# How do you carry your LCP II



## Greybeard (Mar 17, 2013)

I just bought a LCP II and I am use to carrying my TCP with one in the chamber. The TCP has a double action trigger so even though there is one in the pipe, the hammer is forward in the pre-cock position. Pretty much the only way it can fire is if you purposely pull the long travel trigger. The LCP II on the other hand has a single action trigger so when you carry with one in the pipe the hammer is back and the hammer spring is under tension. I realize there is a pre-cock notch on the hammer that should act as a drop safety but no drop safety on the firing pin and, Ruger does give a warning as does Taurus, not to carry with one in the chamber. Forgive me if this has already been discussed extensively as I am new here.


----------



## Craigh (Jul 29, 2016)

When I carry my LCP II, I carry it ready to go. I would not own nor carry a pistol without having a round in the chamber. Dry fire that LCP II in a safe location and watch that hammer. Yes, it's pretensioned but still goes back a little during the pull and the pull is considerable enough to be like double action. I think it is one of the better mouse gun triggers out there and safe. I use Ruger's pocket holster.


----------



## Greybeard (Mar 17, 2013)

I agree that it is one of the better if not the best mouse gun trigger going these days.


----------



## Steve M1911A1 (Feb 6, 2008)

In any carry mode, use a holster which covers the triggerguard.
That will take care of the problem, real or perceived.
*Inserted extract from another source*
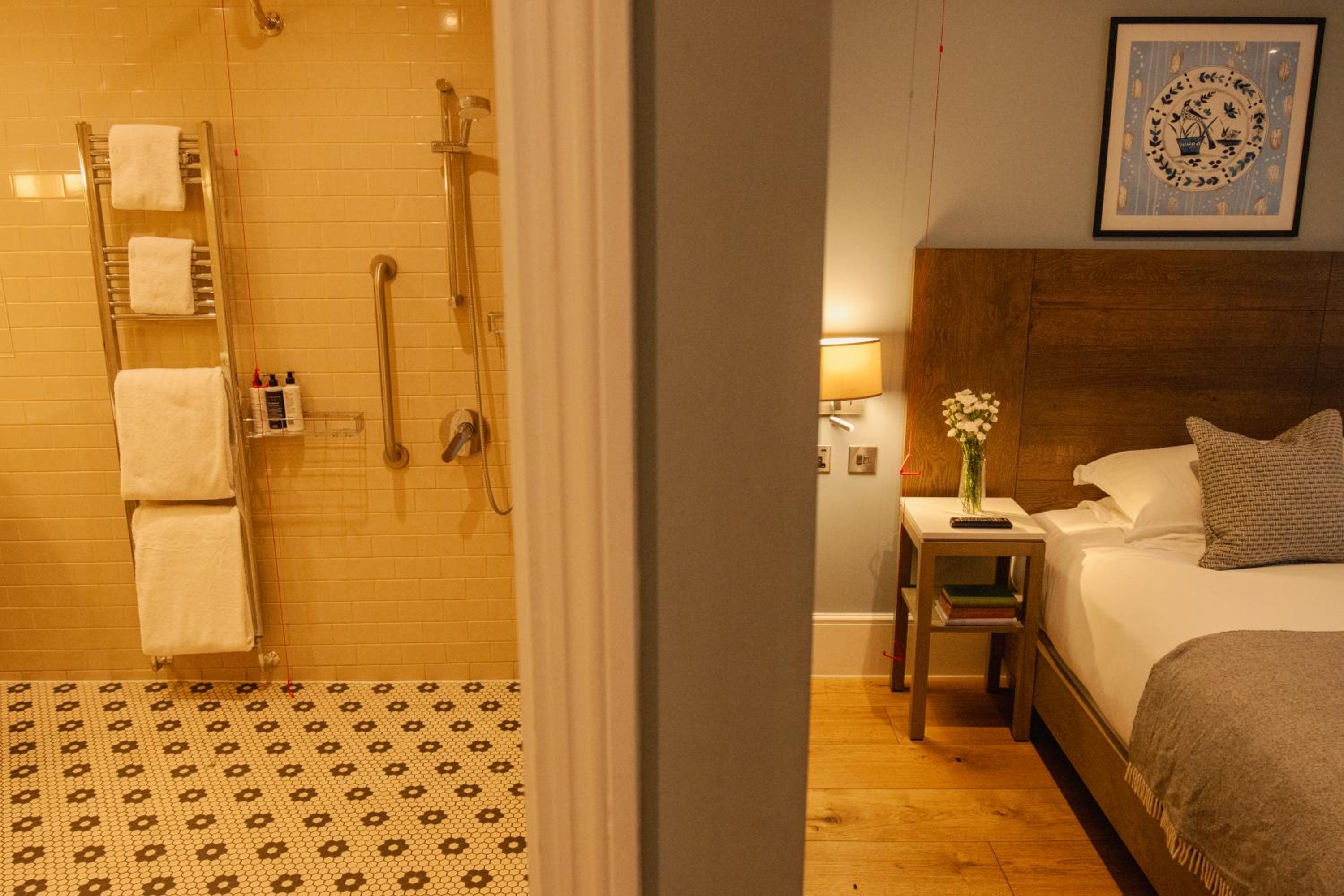 Queen Room - Disability Access photo 2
As Craig wrote, carrying a defensive weapon that is not immediately ready to go "BANG!" is a terrible mistake.
In a save-your-life situation, you won't have enough time to rack the slide, or, for that matter, to merely cock a hammer.


----------



## Greybeard (Mar 17, 2013)

How I carry mine now

pocket carry by TOM STRAIGHT, on Flickr

pocket carry-2 by TOM STRAIGHT, on Flickr


----------



## Steve M1911A1 (Feb 6, 2008)

Nice holster. Looks like really good workmanship.
Had I been making it, I might've cut the shape slightly differently, but I'm sure that it works very well for you.

Funny thing: After spending 30 years as a leathersmith, I had my own pocket holster made for me...out of sticky, artificial (plastic) material...by Robert Mika.


----------



## Greybeard (Mar 17, 2013)

I like it because it is easy to get in and out of my pocket but stays in the pocket when you draw the pistol.


----------